Just bought a Hark hot gas smoker, going to start with beef jerky can anyone tell me how to do it. Also any hints and tips you might have for me. I'm nearly sixty and want something easy. hope  someone can help, thanks


----------



## pops6927 (Oct 30, 2012)

Thank you for posting in Propane Smokers, however I have moved your thread to Beef Jerky to better accomodate your question!  Enjoy; people here will help you!


----------



## driedstick (Oct 30, 2012)

Welcome, jerky is a great start and to start out easy you may want to go to local grocery or sporting good store and pick up some HI-COUNTRY Jerky seasoning, or Hi Mountian or what ever they may have. I have been very please with Hi country. check out their web site or google "jerky recipes" Thanks hope this helps remember the q-view when you make some.

Steve


----------



## jarhead (Oct 31, 2012)

Welcome aboard Di53.

I taught I taw a PUDDY TAT. A BEEG PUDDY TAT.
	

	
	
		
		



		
			






I DEED, I DEED, TAW A BEEG PUDDY TAT.

Make sure you don't smell like jerky around that thing.

Now, I forgot what I was gonna say. LOL

Good Luck and take pics.


----------



## trent5150 (Nov 7, 2012)

Never used a hot smoker, but I have a dehydrator and found this recipe online to super easy and really tasty.  I bet you could use the same recipe for your smoker.  If not, you can do it in your oven as low as it will go for a shorter time.  

Enjoy!!  Let us know how it goes.

http://cookawesome.blogspot.com/2012/11/dehydrator-beef-jerky.html


----------



## smokinhusker (Nov 8, 2012)

The advice to purchase Hi Country Seasonings is a good one. I use it for all my jerky and it comes with packets of Cure #1. When trying a new flavor for the first time, I follow their measurement instructions, then the next time I know if I have to bump it up or down.

Keep the temps as low as you can because you want to dry it not cook it - try to stay under 170*. I usually start around 120* and bump up hourly and start adding smoke after the first hour, this is when I dry out the surface a bit.


----------



## pike2 (Nov 24, 2012)

i use Hi Mountain myself,  choose the meats that are as lean as passable for best results,  are you planning on grinding it or slicing it into 1/4 thick strips?    if your grinding it you can remove almost all of the fat providing that you have a meat mixer,  i have the LEM 17lb mixer.   chill the ground meat in the fridge   then put the meat into the mixer and start cranking,   the fat will start to build up on the paddles and sides of the mixer, after the inside turns white take the meat out and then scrape all the fat out,  then put the meat back in and repeat till there's no more fat buildup on the inside of the mixer.

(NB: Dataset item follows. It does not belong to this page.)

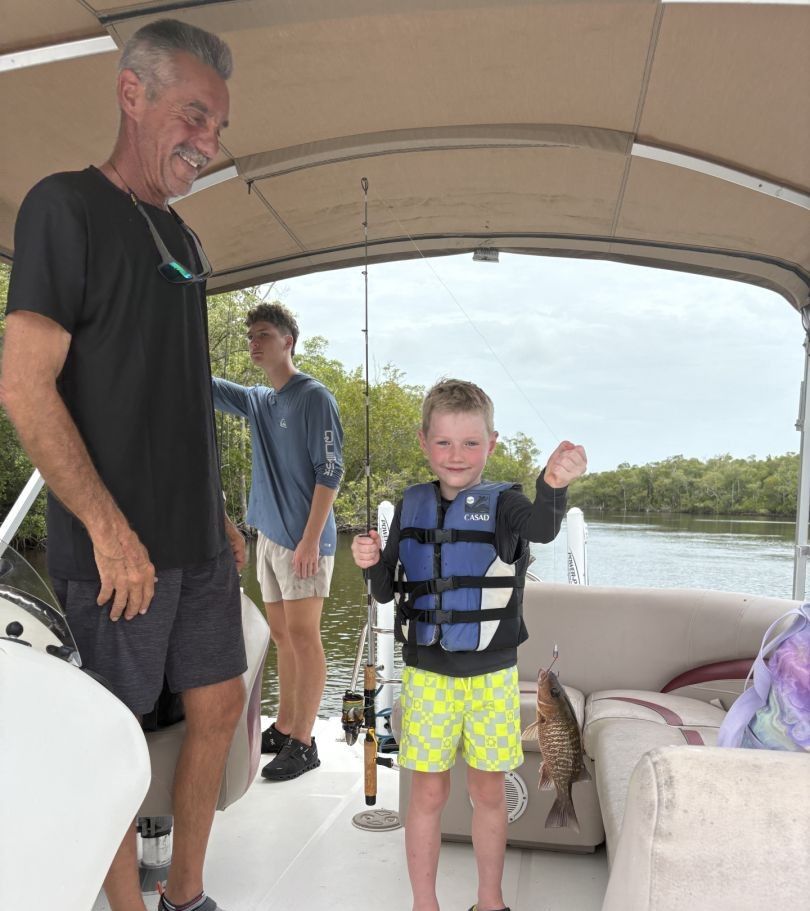 Three anglers fishing in an unknown location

 at this point the meat is as lean as it gets,   if the fat is left in it  as you eat it the fat coats the inside of  the mouth and hinders your taste of the spices,  the fatter the meat the worse it gets, you can compensate by adding more spices,  to test this get a pound of ground pork and spice it up and dry it,    2 to 3 bites of it and you wont taste anything and you mouth will be slimy

 the fat content in meat varies even after cutting off all visible fat.  and it doesn't have to be very much to alter the taste from batch to batch using the same cut of meat each time.  thats why i dry a small amount of it first to see if its spiced right.


----------